58 Il numero è variato da cinque a otto educatori/rici presenti a ogni incontro, principalmente dipendenti di cooperative sociali, che lavorano nel campo della disabilità a scuola, nei servizi domiciliari e nelle comunità. Hanno partecipato anche un'insegnante di sostegno della scuola materna e un educatore dei servizi educativi comunali di quartiere. 59 I temi di discussione sono emersi a partire dal primo incontro durante il quale ciascuno/a si è presentato/a e ha

esposto quali secondo lui/lei fossero le maggiori difficoltà nello svolgimento del proprio lavoro educativo con bambini/ragazzi disabili all'interno del contesto istituzionale di riferimento (scuola, comunità, società...). Alla fine di ogni incontro veniva poi individuato il tema/i temi di cui discutere la volta successiva. Ogni incontro è stato registrato e da me trascritto e, di volta in volta, inviato ai partecipanti. I temi discussi sono stati: le forme di organizzazione del lavoro educativo all'interno delle cooperative e dei servizi (lavoro in equipe, ruoli, compiti e mandati), la funzione della diagnosi neuropsichiatrica nel lavoro educativo, le condizioni lavorative e contrattuali, le possibilità di cambiamento (in che modo è possibile non riprodurre nel proprio lavoro pratiche dis-abilitanti).
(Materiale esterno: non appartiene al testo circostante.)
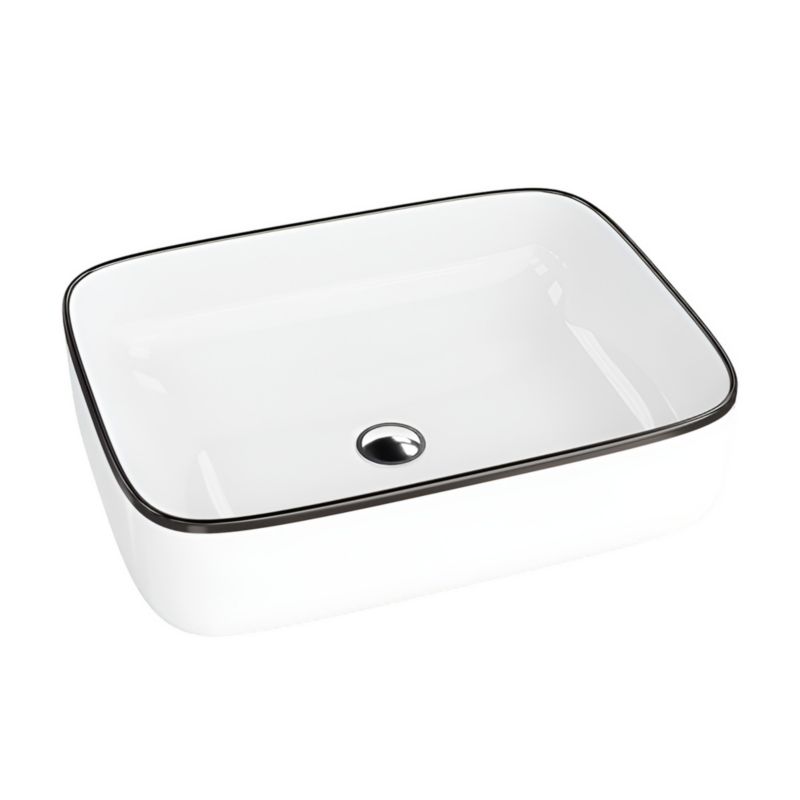 Umywalka SOLIDER Gilia Black Line z cienkim rantem, nablatowa umywalka wykonana z ceramiki, 50x40x14cm, biało-czarna, 1 szt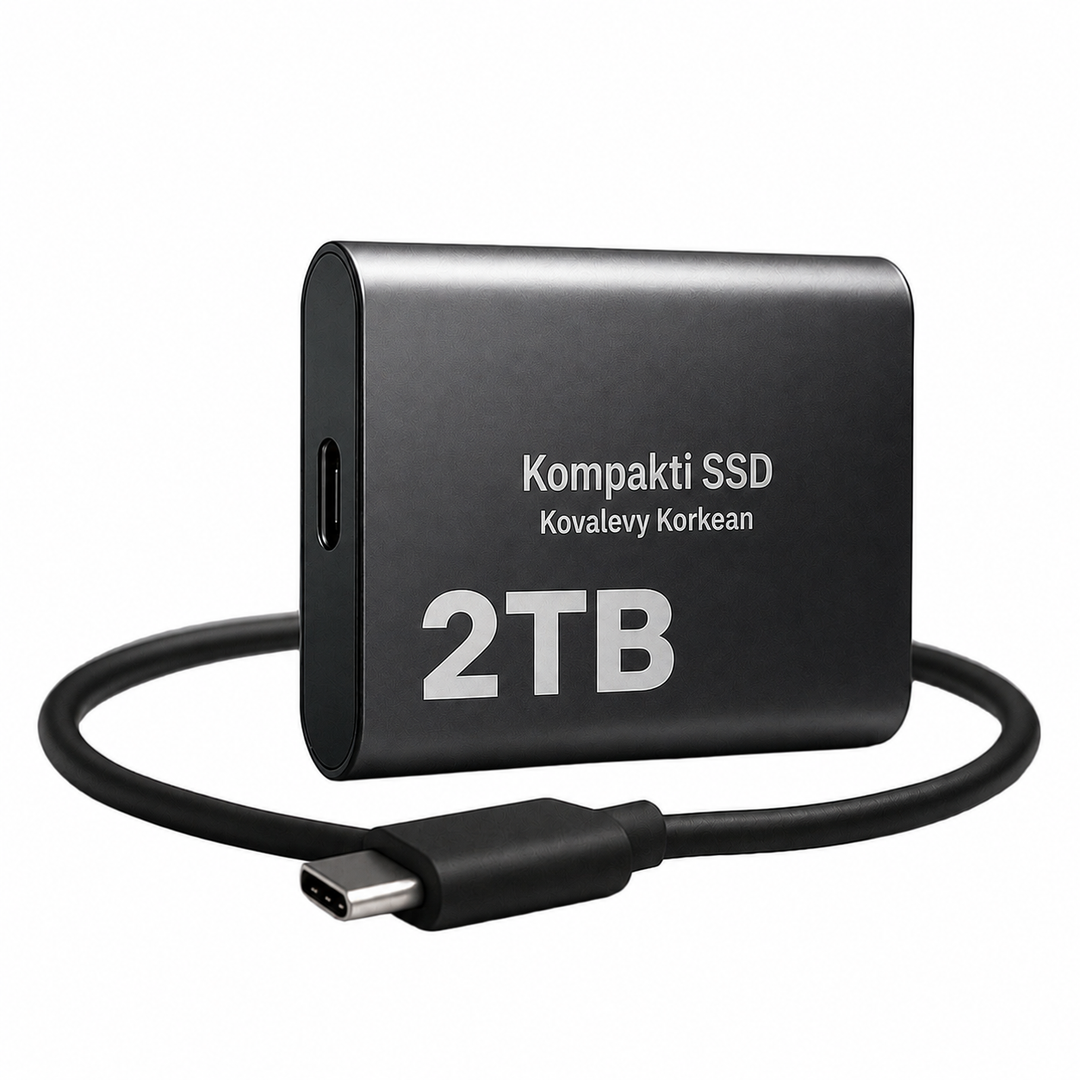 Kompakti SSD Kovalevy Korkean Nopeuden Tallennus USB-C 1050MB/s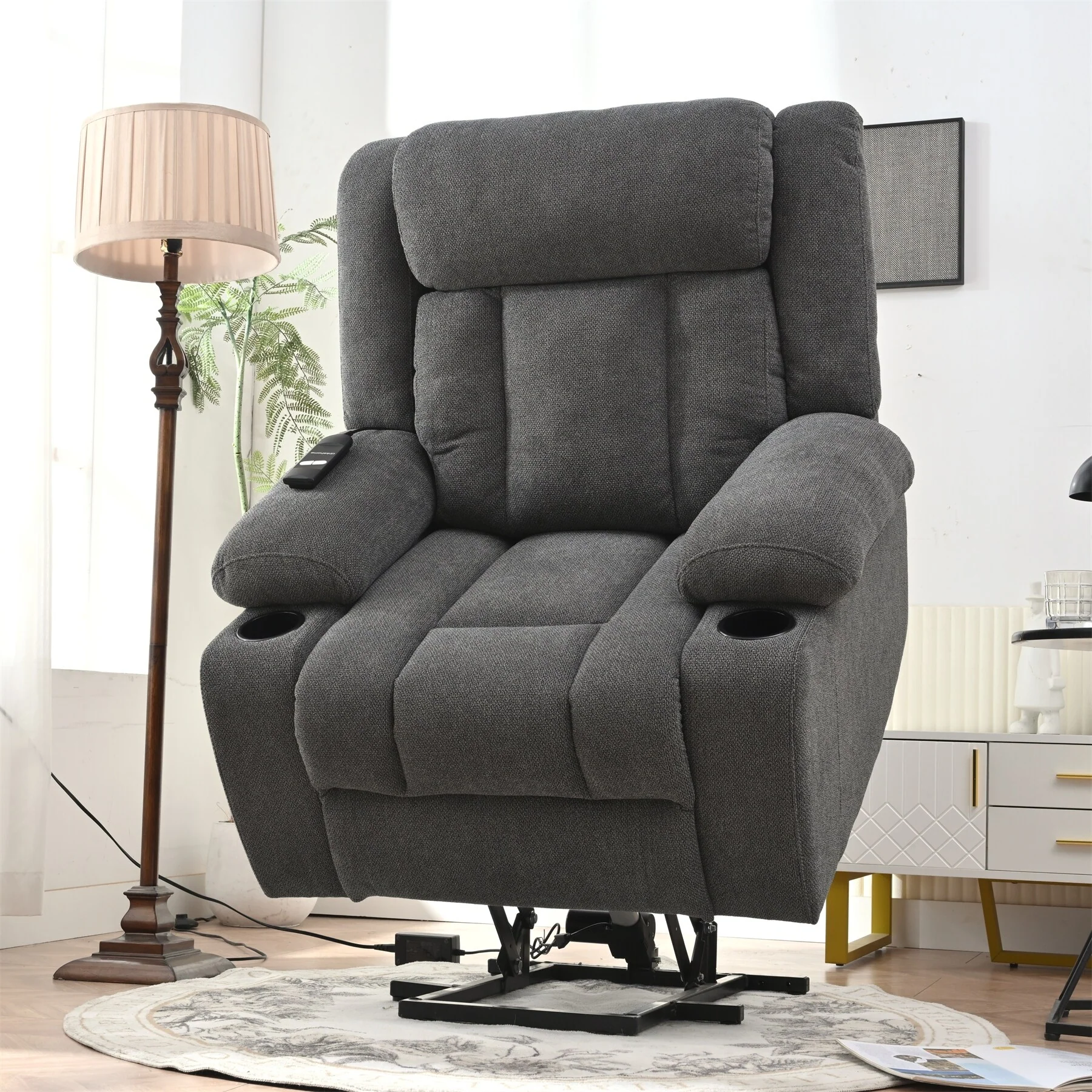 Electric Power Lift Recliner Chair for Elderly, with Extended Footrest & Remote Control, Side Pockets and 2 Cup Holders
Questo percorso è proseguito fino a febbraio 2015, quando con i partecipanti abbiamo deciso di sospenderlo. Sentivamo la necessità di “confluire” in un processo di riflessione e azione più ampio, di portata cittadina, che in quel periodo aveva preso avvio e che continua tuttora.60

In quel momento situo anche la conclusione della mia ricerca sul campo in relazione alle finalità poste dal dottorato di ricerca.

Gli esiti che questa seconda fase di ricerca ha prodotto sono ancora da verificare e si necessiterebbe di un ulteriore momento di valutazione e confronto collettivo. Un indicatore positivo si potrebbe forse individuare nel fatto che la maggior parte dei partecipanti ai focus group, me compresa, sono tuttora attivi in questo campo di riflessione e azione, attraverso la partecipazione a momenti di confronto collettivi, a reti di relazioni e contesti di mobilitazione che nei momenti di focus group hanno trovato appiglio e linfa.
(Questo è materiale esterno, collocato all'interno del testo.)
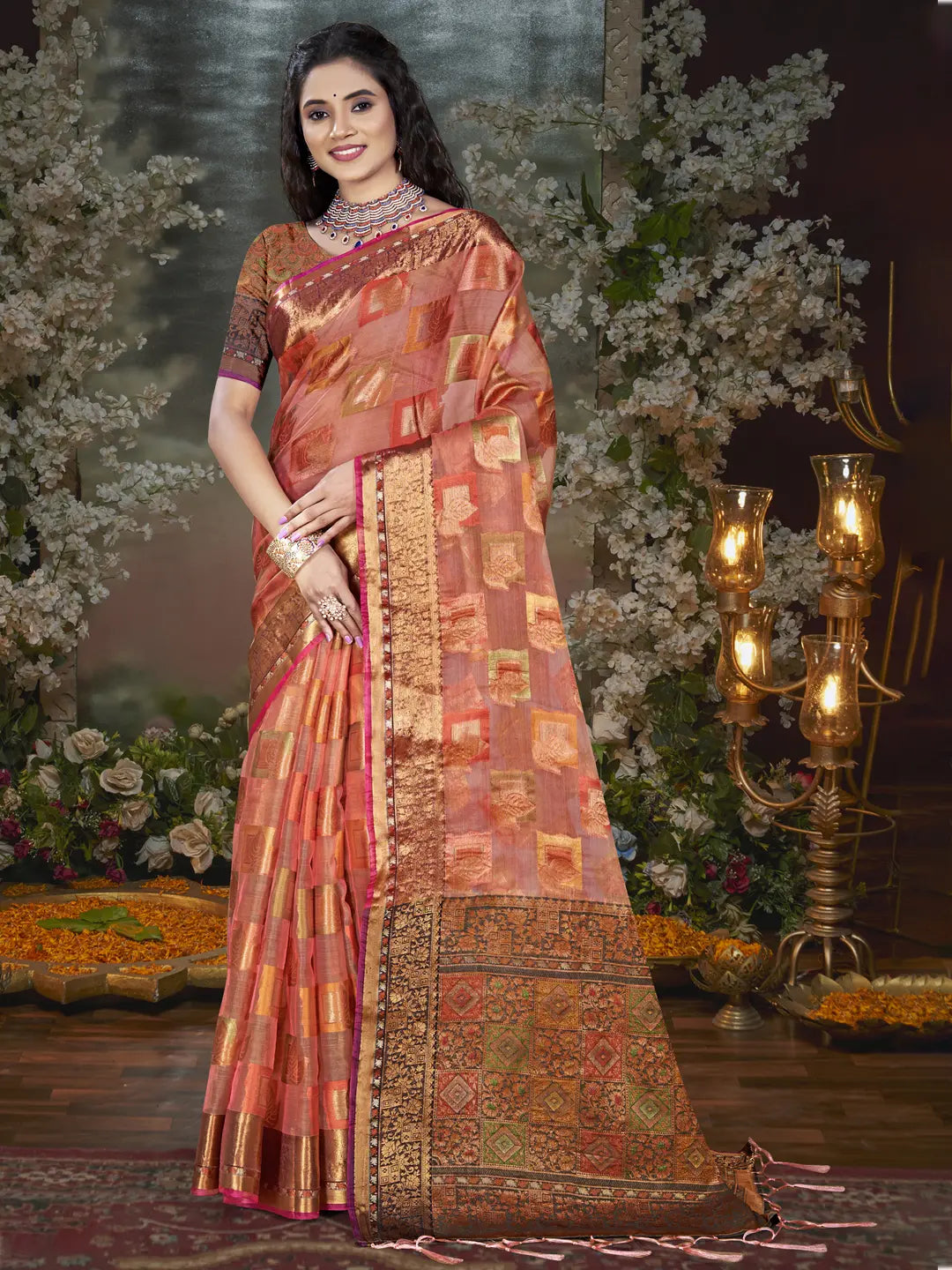 Pink Chanderi Silk Saree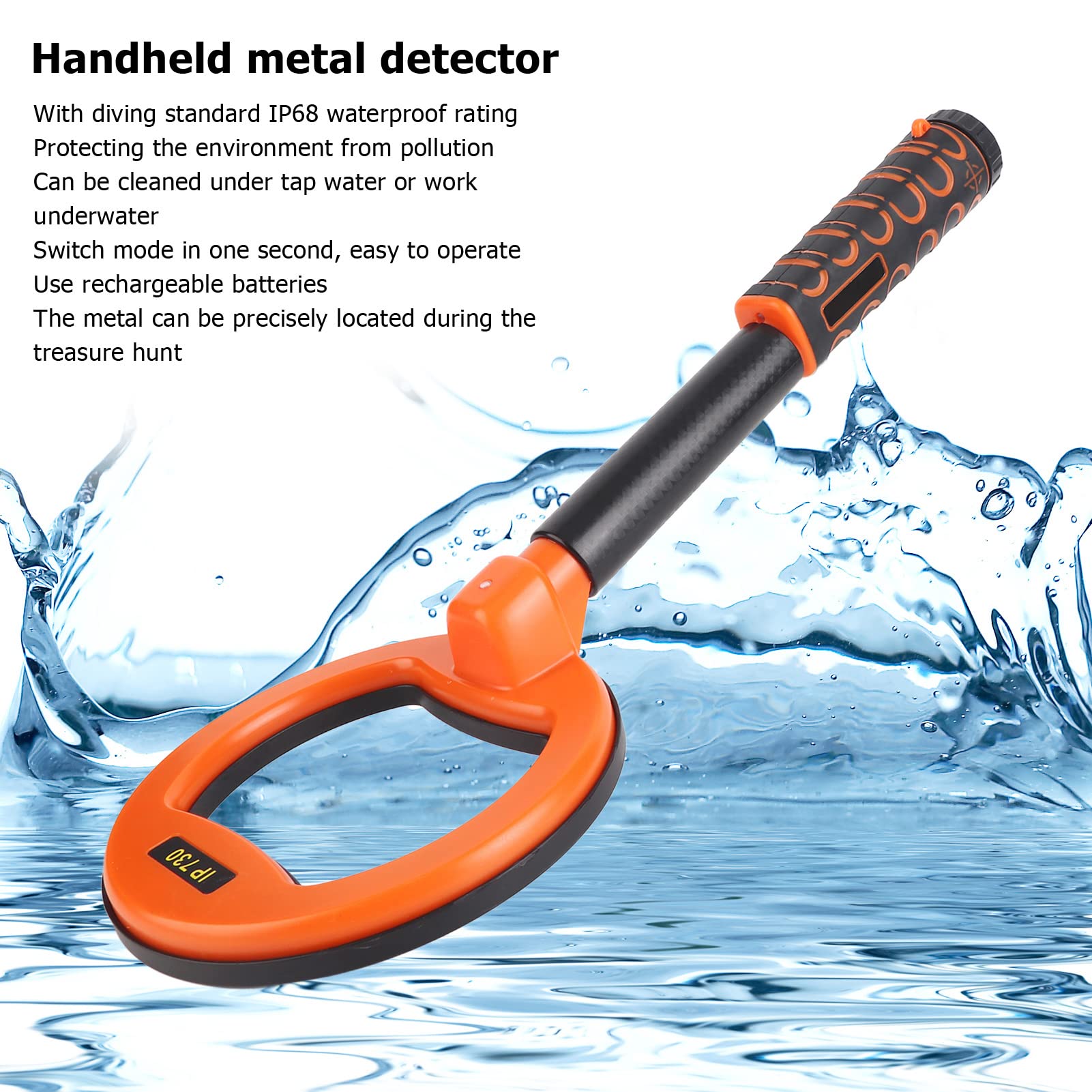 Metal Detector Subacqueo, IP68 Impermeabile 3.9 4.7 Pollici Gamma di Rilevamento Gold Silver Detector con Suono di Allarme, Batteria Al Litio 6F22 1600mAh, Rilevatore Portatile di Oro (Arancia)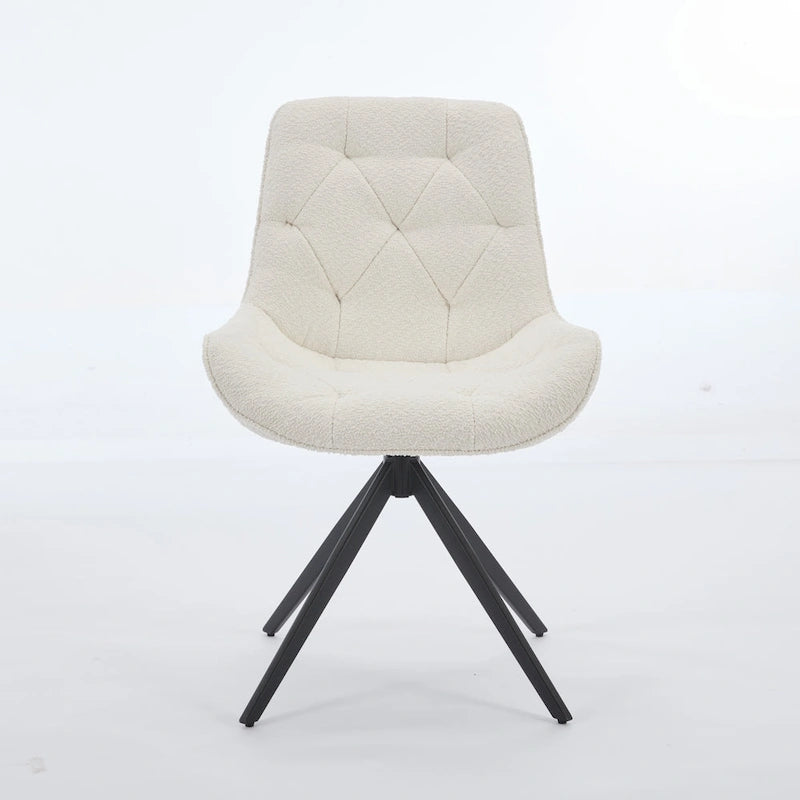 Boucle Upholstered Swivel Dining Chair High Back Diamond Tufted Accent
Un'ultima precisazione necessita di essere fatta. In sede di scrittura ho scelto di non separare le due fasi di ricerca, quella individuale presso il servizio di NPIA e quella che mi ha vista coinvolta insieme agli educatori e alle educatrici nei focus group. Questo principalmente perché tenere distinte le due fasi avrebbe comportato una ripetizione dei contenuti affrontati. Come infatti emergerà nelle prossime pagine e nei capitoli che seguono, le questioni e le riflessioni emerse rispetto alle pratiche di (ri)produzione della disabilità infantile nel lavoro quotidiano di operatrici e operatori, sono in gran parte affini. Ciò che differenzia queste due fasi di lavoro sul campo riguarda primariamente le possibilità di trasformazione che la ricerca accademica, se viene intesa come accompagnamento di processi, può attivare e sostenere.
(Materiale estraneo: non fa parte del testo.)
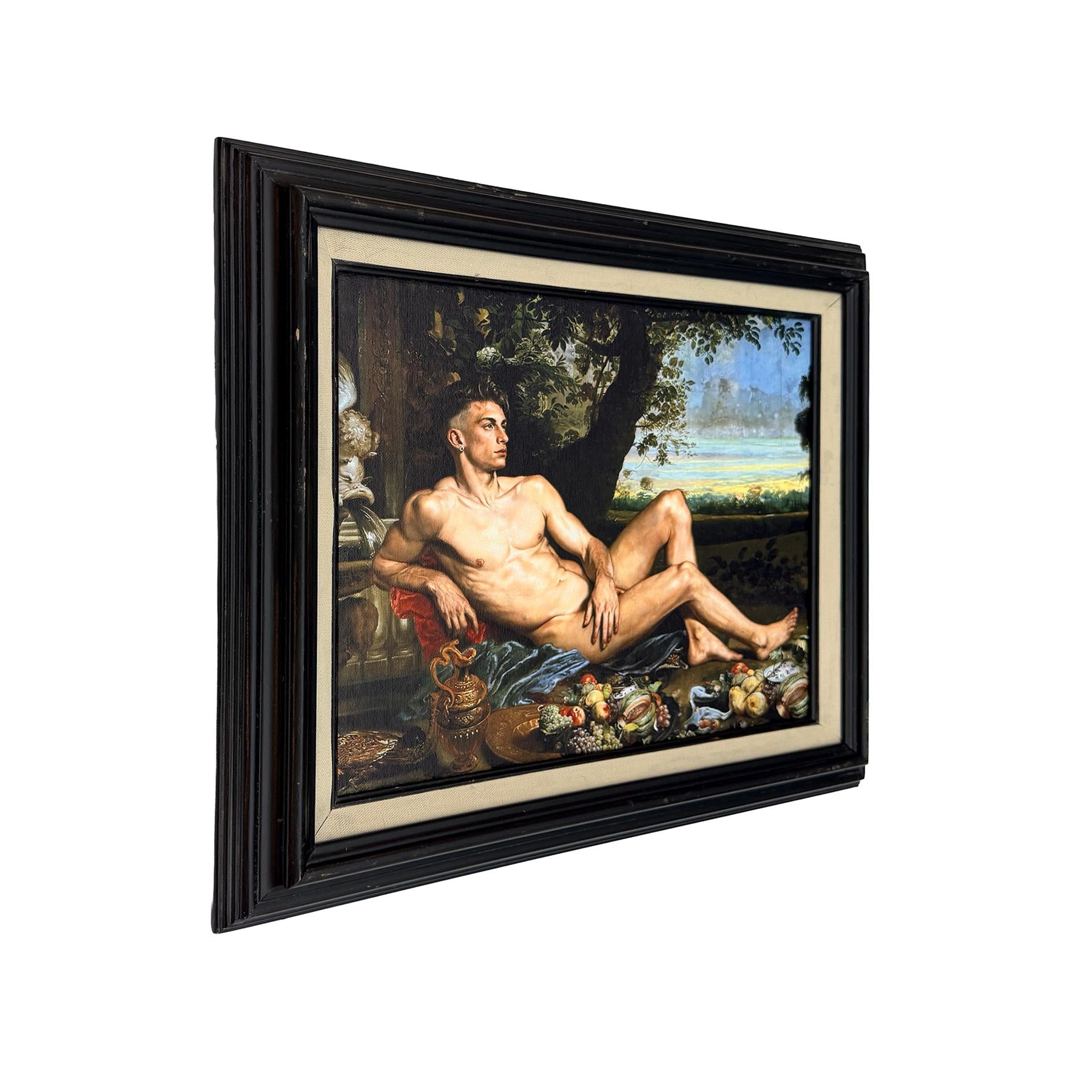 Classical Male Nude Portrait in Vintage Frame UV Printed Canvas Board Art Dutch Master Inspired Still Life One-of-a-Kind Wall Art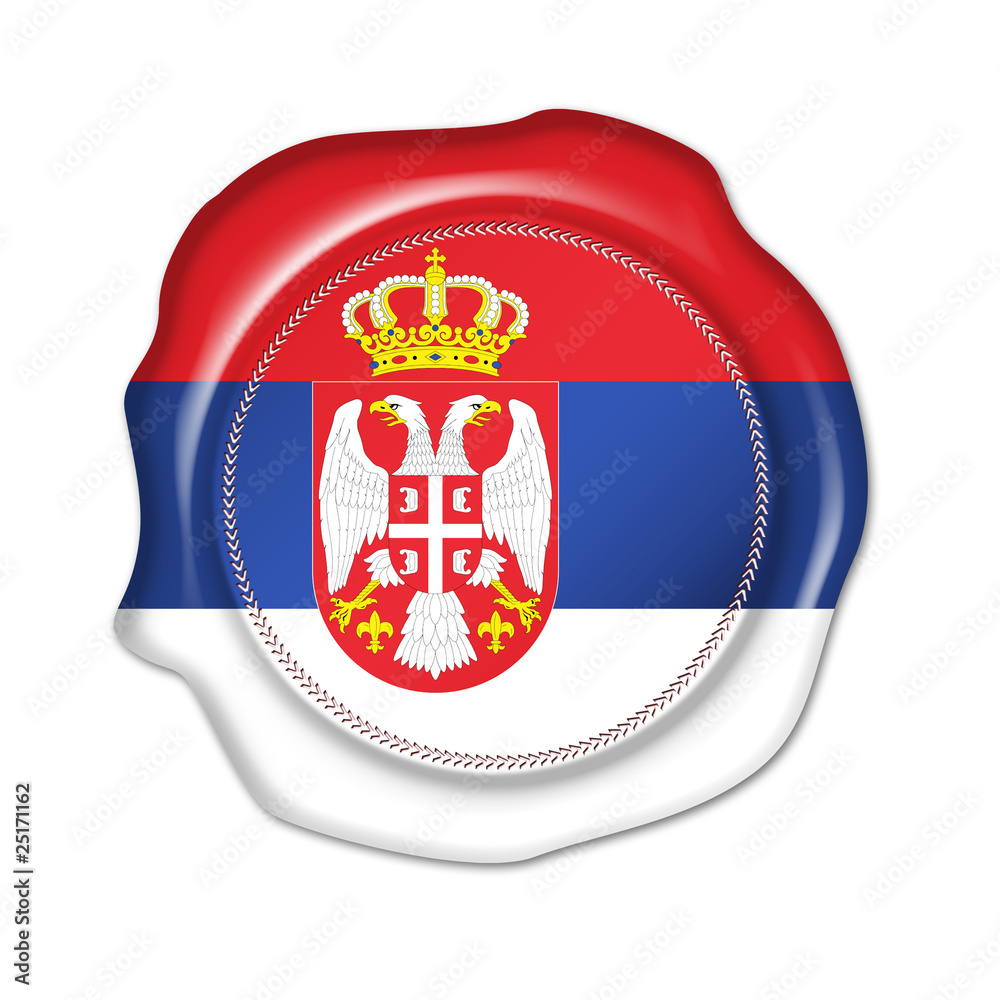 Obraz premium serbia button, seal, stamp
60 Faccio riferimento alla Rete Educatrici ed Educatori Bologna, nata a febbraio 2015 in seguito alla mobilitazione di un gruppo di educatori che ha interrotto il consiglio comunale per protestare contro l'esito di una gara di appalto (si consulti l'articolo pubblicato il 9 Febbraio 2015 su Repubblica http://bologna.repubblica.it/cronaca/2015/02/09/news/la_rabbia_degli_educatori_in_consiglio_basta_tagli-

106901991/ ). A questo indirizzo si può trovare il sito internet in forma di blog: http://educatoribolognainrete.blogspot.it/.

Dall'incontro di diversi soggetti individuali e collettivi a luglio 2015 è nato poi il Coordinamento delle

Lavoratrici e dei Lavoratori del Sociale, una realtà composta di educatrici ed educatori delle cooperative sociali e

comunali, assistenti sociali, mastre e maestri delle scuole dell’infanzia, operatrici e operatori dell’accoglienza e altri, con l’intento di promuovere una riflessione trasversale ai diversi servizi sul funzionamento del welfare cittadino.